Split All Observations of a Variable into Tokens
vtokenize varname [if exp] [in range] [, stub parse nospace nodelimeters
Description
Splits the varname into its component tokens, generating as many new variables as needed. (The original variable is left untouched.) Used for working with truly nasty text files.
Options
stub specifies the start of the names of the variables which will be generated. If omitted, the stub will simply be the name of the variable being split. The resulting variables will have suffixes _1, _2, ... or _01, _02, ... or _001, _002, ... depending on the number of variables generated.

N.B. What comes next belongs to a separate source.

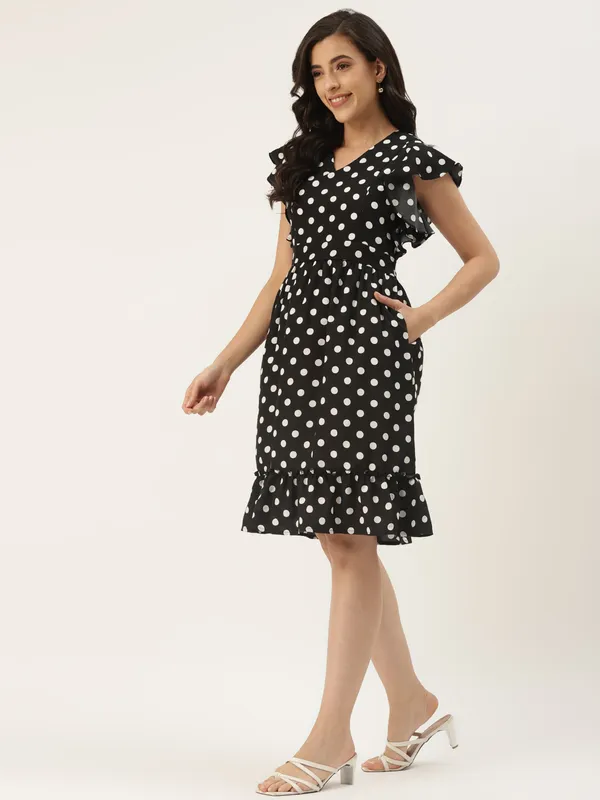 Black_Polka_Polyester_Print_Dresses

parse(delimiters) gives the list of delimiters which are used to separate tokens. If omitted, the only delimiter is whitespace (one or more spaces). There is no need to specify space a delimiter, though explicitly specifying it will not cause problems.
nospace is used to prevent spaces from being used as delimiters.
nodelimiters is used to prevent delimiters from being stored as tokens. Note that just as with gettoken, spaces are never kept as tokens.
Example(s)
. vtokenize foo Splits foo into words by breaking on space(s), storing the first word for each observation in foo_1, the second word in foo_2, etc. foo itself is not altered.
. vtokenize foo, stub(bar) Splits foo into words by breaking on space(s), storing the first word for each observation in bar_1, the second word in bar_2, etc.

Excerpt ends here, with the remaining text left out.